Cuba defends dissident crackdown, timing of trials
By Anita Snow, Associated Press
HAVANA - Cuba defended its speedy prosecution of 75 dissidents,
saying yesterday it had to
protect itself against US attempts to subvert the government.
It also maintained that the cases'
timing had nothing to do with war in Iraq.
The United States, which has dismissed the Cuban allegations,
condemned the crackdown. ''This is
symptomatic of the dictatorship of the Cuban regime,'' White
House press secretary Ari Fleischer
said yesterday.
The known sentences for 57 of the government opponents who were
tried ranged from 6 to 28
years. The remaining 18 sentences were expected by the end of
the week. None of the trials has
lasted more than a day, activists said. There were no reports
of acquittals.
''We have been patient, we have been tolerant,'' Foreign Minister
Felipe Perez Roque said. ''But
we have been obligated to apply our laws.''
Perez Roque also denied international accusations that the arrests
and convictions over the course
of three weeks were timed so that the world's attention would
be focused on war.
The defendants included independent journalists, prodemocracy
activists, opposition party leaders,
and other dissidents.
They were arrested last month and accused of receiving American
government funds and
collaborating with US diplomats to undermine the socialist state.
The United Nations also protested the quick trials.
''There are questions about the fairness of such expedited proceedings,''
said Sergio Vieira de
Mello, the United Nations' high commissioner for human rights.
''Cuba must ensure that the accused
benefit from due process.''
Perez Roque presented letters and detailed lists of payments among
numerous documents he said
proved the defendants were linked to and receiving money from
the US government.
Many of the payments the foreign minister mentioned appeared to
come from Miami- or
Washington-based groups that receive funds from the US Agency
for International Development to
support the opposition and prepare for a transition in Cuba.
The foreign minister also said that the legal proceedings strictly
followed Cuban law, with all
defendants represented by attorneys.
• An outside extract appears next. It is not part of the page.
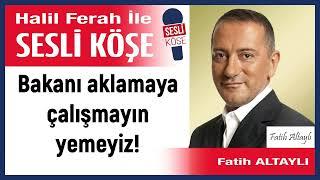 Fatih Altaylı: 'Bakanı aklamaya çalışmayın yemeyiz!' 20/10/24 Halil Ferah ile Sesli Köşe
They all heard the charges
against them and had a chance to
respond, and, in each case, both evidence and witnesses were
presented in open court, he said.
All have the right to appeal, he said.
Countering criticism that the proceedings were closed to foreign
diplomats and reporters, he said
there was not enough room in the court.
At the trials, state security agents who had posed as dissidents
revealed their true identities and
testified for the state.
The foreign minister singled out US Interests Section Chief James
Cason for criticism. Cuban
authorities accuse Cason of violating diplomatic protocol with
his support of groups opposed to
President Fidel Castro's government.
''Our patience ran out with Mr. Cason,'' Per ez Roque said.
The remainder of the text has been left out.